Più si allunga la speranza di vita e più sarà il tempo in cui INPS dovrà erogare la pensione. Per tale motivo, chi andrà in pensione dal 1° gennaio 2025 riscuoterà un assegno inferiore rispetto a chi ci è andato entro il 31 dicembre 2024.
Vediamo nel dettaglio.
Pensione più bassa se la speranza di vita si allunga
Ogni due anni i coefficienti di trasformazione per il calcolo della pensione vengono rivisti per tenere conto delle variazioni delle aspettative di vita. A gennaio 2025 entrano in vigore quelli nuovi, che a parità di condizioni penalizzano coloro che lasceranno definitivamente il lavoro tra il 2025 e il 2026, rispetto a chi invece lo ha lasciato nel 2024.

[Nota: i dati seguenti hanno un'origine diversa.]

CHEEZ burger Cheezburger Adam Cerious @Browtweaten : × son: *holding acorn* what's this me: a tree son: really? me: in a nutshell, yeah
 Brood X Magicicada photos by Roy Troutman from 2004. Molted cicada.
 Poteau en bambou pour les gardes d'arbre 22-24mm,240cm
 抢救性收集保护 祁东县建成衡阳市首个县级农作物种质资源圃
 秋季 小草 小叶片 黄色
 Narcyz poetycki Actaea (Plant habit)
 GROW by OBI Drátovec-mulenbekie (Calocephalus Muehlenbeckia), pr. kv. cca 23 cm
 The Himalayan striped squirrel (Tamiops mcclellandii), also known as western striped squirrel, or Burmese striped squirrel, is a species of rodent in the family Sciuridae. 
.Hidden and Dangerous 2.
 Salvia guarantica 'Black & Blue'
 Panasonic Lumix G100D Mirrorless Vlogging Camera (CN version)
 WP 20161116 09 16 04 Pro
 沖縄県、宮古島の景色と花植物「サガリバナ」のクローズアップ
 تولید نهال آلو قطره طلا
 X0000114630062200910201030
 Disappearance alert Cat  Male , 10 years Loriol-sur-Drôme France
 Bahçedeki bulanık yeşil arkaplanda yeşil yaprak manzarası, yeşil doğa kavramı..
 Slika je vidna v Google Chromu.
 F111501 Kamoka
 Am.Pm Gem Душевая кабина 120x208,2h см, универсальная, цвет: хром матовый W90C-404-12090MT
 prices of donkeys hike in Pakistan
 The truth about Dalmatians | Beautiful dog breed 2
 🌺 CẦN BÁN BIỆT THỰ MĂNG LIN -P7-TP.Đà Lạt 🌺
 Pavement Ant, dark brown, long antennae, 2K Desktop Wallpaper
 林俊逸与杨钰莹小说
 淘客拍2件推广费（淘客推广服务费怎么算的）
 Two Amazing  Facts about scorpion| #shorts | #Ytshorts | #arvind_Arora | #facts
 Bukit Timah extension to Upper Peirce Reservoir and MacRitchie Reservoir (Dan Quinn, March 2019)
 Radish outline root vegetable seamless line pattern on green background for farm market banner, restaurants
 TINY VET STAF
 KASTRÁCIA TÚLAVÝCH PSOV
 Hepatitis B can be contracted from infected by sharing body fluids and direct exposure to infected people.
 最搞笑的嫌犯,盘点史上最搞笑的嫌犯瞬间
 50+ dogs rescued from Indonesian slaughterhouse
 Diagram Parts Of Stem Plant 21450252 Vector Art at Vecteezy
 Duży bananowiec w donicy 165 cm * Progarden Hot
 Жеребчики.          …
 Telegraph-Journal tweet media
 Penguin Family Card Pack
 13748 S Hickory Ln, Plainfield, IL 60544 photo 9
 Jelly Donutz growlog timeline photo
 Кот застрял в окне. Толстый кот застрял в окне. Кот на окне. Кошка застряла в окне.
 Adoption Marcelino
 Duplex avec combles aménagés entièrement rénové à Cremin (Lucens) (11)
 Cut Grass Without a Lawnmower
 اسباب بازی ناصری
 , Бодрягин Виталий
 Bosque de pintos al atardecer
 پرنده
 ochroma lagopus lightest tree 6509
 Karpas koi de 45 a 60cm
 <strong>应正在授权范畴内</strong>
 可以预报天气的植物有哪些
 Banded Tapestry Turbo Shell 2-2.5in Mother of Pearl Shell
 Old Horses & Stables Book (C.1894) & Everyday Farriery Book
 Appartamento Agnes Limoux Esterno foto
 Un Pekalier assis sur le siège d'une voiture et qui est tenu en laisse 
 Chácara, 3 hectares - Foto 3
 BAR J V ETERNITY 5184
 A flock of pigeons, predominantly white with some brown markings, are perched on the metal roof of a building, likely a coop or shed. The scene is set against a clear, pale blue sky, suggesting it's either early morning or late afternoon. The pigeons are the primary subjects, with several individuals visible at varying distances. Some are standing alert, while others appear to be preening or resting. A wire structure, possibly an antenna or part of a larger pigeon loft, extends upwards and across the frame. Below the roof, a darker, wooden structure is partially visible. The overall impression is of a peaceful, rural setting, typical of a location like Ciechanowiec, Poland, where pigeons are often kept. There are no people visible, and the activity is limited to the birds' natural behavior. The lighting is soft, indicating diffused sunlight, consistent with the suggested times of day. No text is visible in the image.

Il decreto del Ministero del Lavoro n. 436 del 2024 ha infatti adeguato i coefficienti che si applicano al montante contributivo alla speranza di vita, che si è allungata. Ciò significa che la pensione verrà pagata per più tempo e, di conseguenza, l’importo mensile dell’assegno dovrà scendere.
A quanto ammonta il taglio lo ha calcolato il responsabile politiche previdenziali della Cgil, Enzo Cigna.
I tagli in base all’età
La decurtazione oscilla tra l’1,55 e il 2,18% secondo l’età in cui si va in pensione. A ogni età, da 57 a 71 anni, viene infatti applicato un suo coefficiente.
Riprendiamo l’esempio riportato dalla CGIL. Un lavoratore con una retribuzione alla cessazione di 30 mila euro annui che va in pensione di vecchiaia nel 2025 a 67 anni, ha un assegno pensionistico del 2% inferiore a quello di chi è andato in pensione nel 2024. Quindi, se nel 2024 avrebbe preso 1.250 euro al mese, nel 2025 ne prenderà 1.225. Questo perché il coefficiente di trasformazione nel frattempo è passato dal 5,723% (del 2023/2024) al 5,608%. La perdita è pari a 25 euro al mese, quindi 326,57 euro l’anno.
L’impatto è ancora più gravoso per chi esce dopo i 67 anni. Chi nel 2024 è andato in pensione a 70 anni gode di una pensione di quasi 1.397 euro al mese. Il settantenne che invece va in pensione nel 2025 prenderà un assegno di 1.367 euro. La perdita è di 30 euro al mese e di 389 euro annui (-2,15%).
Considerando che la durata media della vita in Italia è di 82 anni e mezzo, la perdita cumulata supera 5 mila euro.
«Questa revisione – sottolinea Cigna – colpisce tutti i lavoratori che andranno in pensione dal 2025 in avanti e questo meccanismo perverso rischierà di impoverire sempre di più i giovani, che hanno tutta la posizione contributiva dopo il 1995. La Cgil denuncia da tempo l’iniquità di un sistema previdenziale che in caso di allungamento dell’aspettativa di vista, le ricadute sono doppie: si allunga il traguardo pensionistico e si abbassano i coefficienti di trasformazione».